Bulgar Uyanış Devrinin en sembolik yapılarından biri İstanbul’da Haliç’te bulunan Bulgar Metoh binasımüze olacak. Bulgar “Sveti Stefan” kilisesi karşısında bulunan tapınak, dikkatleri çekiyor. Sveti Stefan ise, Doğu Ortodoks dünyasının tek demir kilisesi olma özelliğini taşıyor. Kilise ve metoh 19 yüzyıl ortalarında inşa edilmiş. O zamanlarda İstanbul’a önemli oranda Bulgar yaşarmış. Milli Tarih Müzesi Müdürü Prof. Bojidar Dimitrov İstanbul’un Osmanlı İmperatorluğu başkenti dışında, büyük bir tüketim merkeziydi. Bulgar topraklarında üretilen her şeyi İstanbul adeta “yutuyormuş” diyor Dimitrov. Boğaz çevresindeki kent zamanla endüstri merkezi olarak yerini pekiştirir. Dericilik, abacılık, Osmanlı İmperatorluğu askerlerine giyimler orada yapılmaya başlamış.

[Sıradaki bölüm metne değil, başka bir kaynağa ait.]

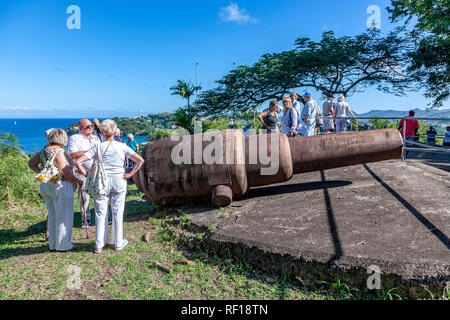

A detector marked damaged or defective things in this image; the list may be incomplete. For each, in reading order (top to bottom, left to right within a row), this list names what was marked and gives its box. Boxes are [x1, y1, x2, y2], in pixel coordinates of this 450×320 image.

rusty cannon [132, 128, 402, 208] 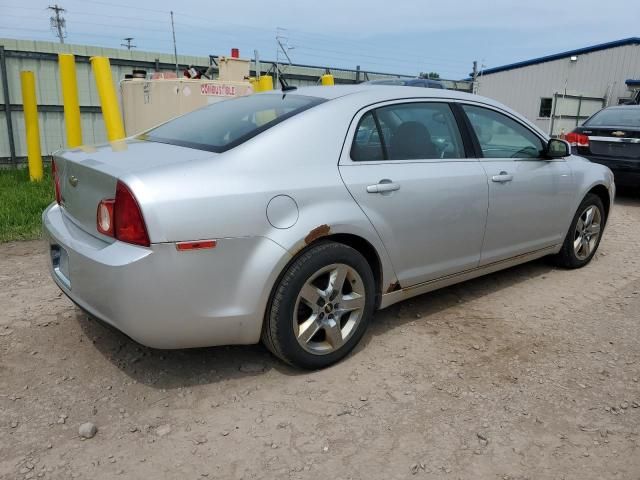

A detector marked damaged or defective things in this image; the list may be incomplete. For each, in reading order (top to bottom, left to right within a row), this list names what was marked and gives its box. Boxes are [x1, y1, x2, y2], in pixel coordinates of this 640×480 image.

rust spot [304, 224, 330, 244] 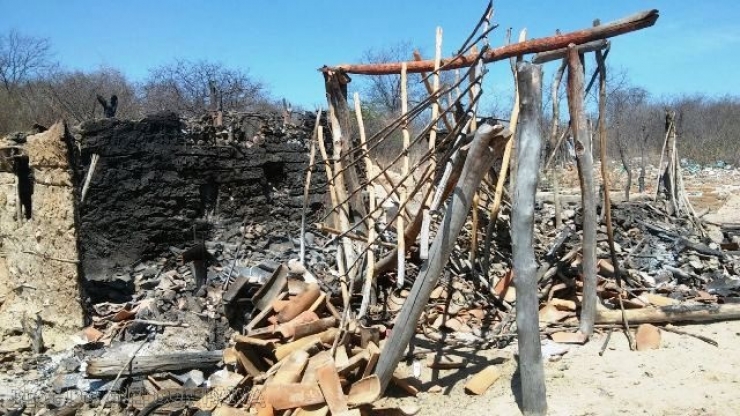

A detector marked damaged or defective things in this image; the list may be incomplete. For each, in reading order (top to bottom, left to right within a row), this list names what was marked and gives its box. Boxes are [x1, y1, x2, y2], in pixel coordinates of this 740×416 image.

burned mud wall [0, 121, 84, 348]
burned mud wall [75, 112, 326, 284]
charred wall [76, 111, 326, 282] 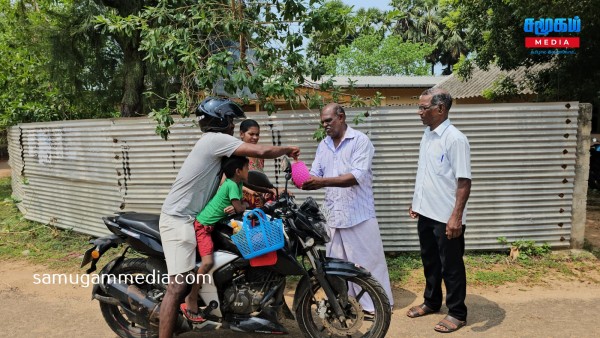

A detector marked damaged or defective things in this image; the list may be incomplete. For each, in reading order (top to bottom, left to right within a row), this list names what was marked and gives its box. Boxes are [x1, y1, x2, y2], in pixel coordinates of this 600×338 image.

rusty metal panel [8, 101, 580, 250] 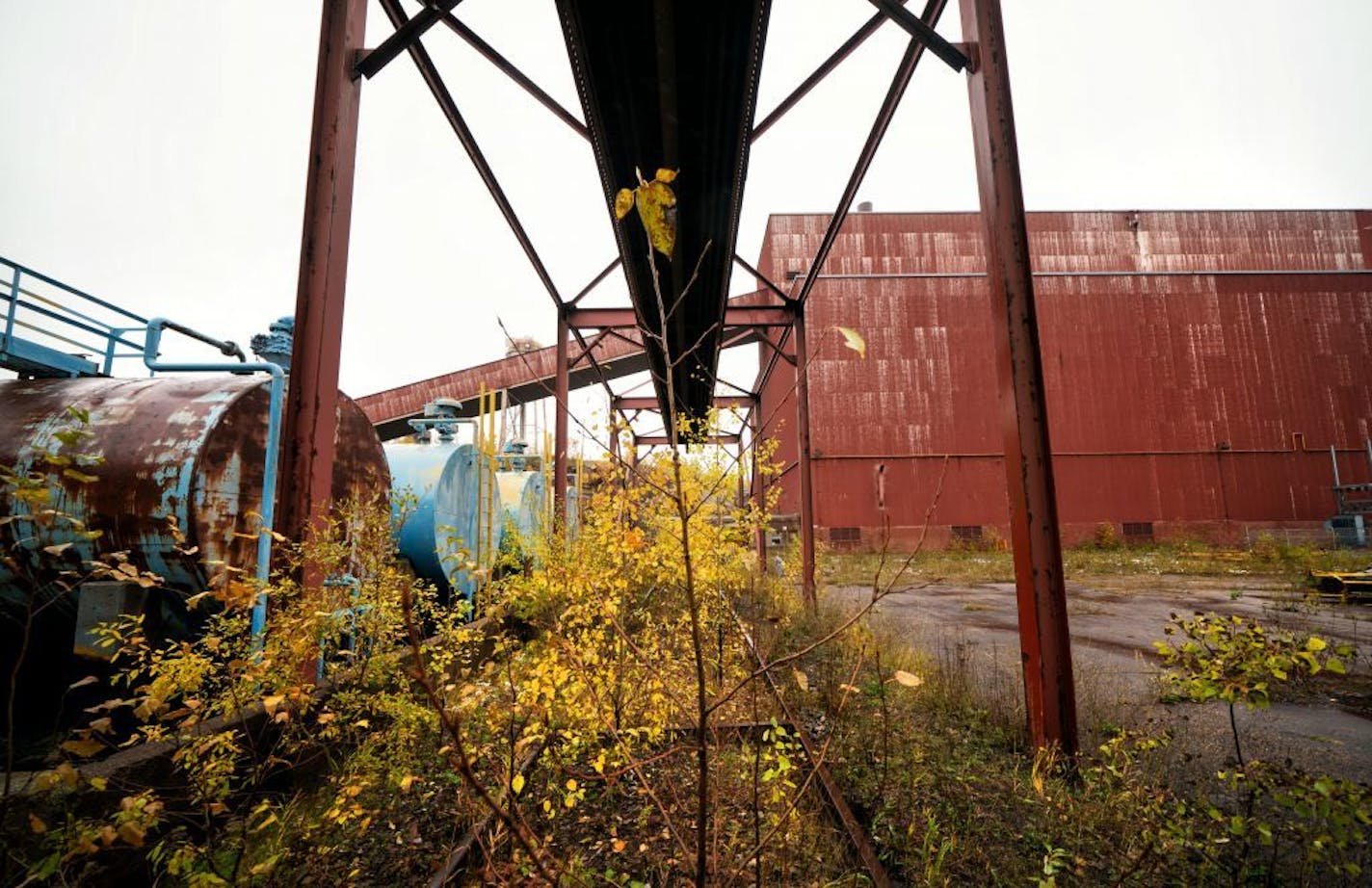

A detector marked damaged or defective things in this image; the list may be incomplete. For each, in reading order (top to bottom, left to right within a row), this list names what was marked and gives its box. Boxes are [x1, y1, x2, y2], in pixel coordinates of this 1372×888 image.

rusted steel beam [355, 0, 461, 79]
rusted steel beam [376, 0, 563, 308]
rusted steel beam [434, 11, 590, 140]
rusted steel beam [752, 1, 910, 143]
rusted steel beam [794, 0, 944, 312]
rusted steel beam [863, 0, 971, 71]
rusty brown tank [0, 372, 389, 597]
rusty metal surface [4, 372, 391, 597]
rusted steel beam [281, 0, 368, 547]
rusted steel beam [551, 314, 567, 528]
rusted steel beam [567, 306, 782, 331]
rusted steel beam [617, 393, 755, 410]
rusted steel beam [794, 306, 813, 609]
rusted steel beam [960, 0, 1079, 755]
rusty metal surface [755, 211, 1372, 535]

“Bulgar camiası zamanla 60 bin kişiye ulaşmış. Onların çoğu şirket sahibi, zanaatçı ve zengin tüccar kişilermiş. Devletin verdiği iş tekliflerini kabul eden kesim olmuşlar. Kırım savaşı ardından kilise- özgürlük savaşları başlar. Bu sıradan bir kilise mücadelesi olmadı, Bulgarların patrikhane ve dini şura savaşı dışında, Ekümenik Patrikhaneden kurtuluş mücadelesi oldu. Bulgar Kilisesi 1393 yılında Yunan Ekümenik Patrikhanesine zorunlu olarak sokuldu. Tırnovgrad’ın 1393’te Osmanlı egemenliğine altına girdiğinde Bulgar kilisesi Ekümen Patriğne bağlandı. Bulgarlar, kilise sınırlarıyla beraber, etnik topraklarının sınırlarını da çizmek ister. Uygun bir günde ve siyasi ortamda onları Bulgaristan’ın politik haritasına çevirmeyi hayal ederler”.
Metoh farklı mesleklerden Bulgarların toplandığı bir merkeze dönüşür. Hem konaklama ve yurt görevi, hem memleketten haber alma, hem yurttaşların, soydaşların bir araya geldiği merkeze dönüşür. Orada 20’den fazla gazete ve dergi yazılır, basılır. Osmanlı İmparatorluğunda ilk Bulgar okulu da orada açılır.
“Bina uzun süre terkedilmiş kaldı. Son zamanlarda Bulgar hükümetinden sağlanan mali kaynaklarla tamir edildi. Benim Dış Bulgarlardan Sorumlu Bakan olduğum dönemlerde kaynaklar ayırmayı başardık ve sonuçta beş yılda metohu eski haline uygun restore ettik. Şimdi amacımız onu müzeye çevirmek. Bunu yapacağız. Bu bizim bir borcumuzdur. Orada yaşamış olan Bulgarlara bir manevi borç sayılır. Trakya Bulgarların bir varisi olarak bu beni de mutlu edecektir. Ailem İstanbul yakınlarından bir köyden göç etmiş. Boğaz’da Haliç boyunda bir Bulgar müzesini 24 Mayıs günü, Bulgar ve Slav Alfabesi Gününde açacağımızı umuyorum”. Müzeye, İstanbul’daki Bulgarların yaşantısı ve Bulgar Kilisesi tarihiyle ilgili eserler sergilenecek.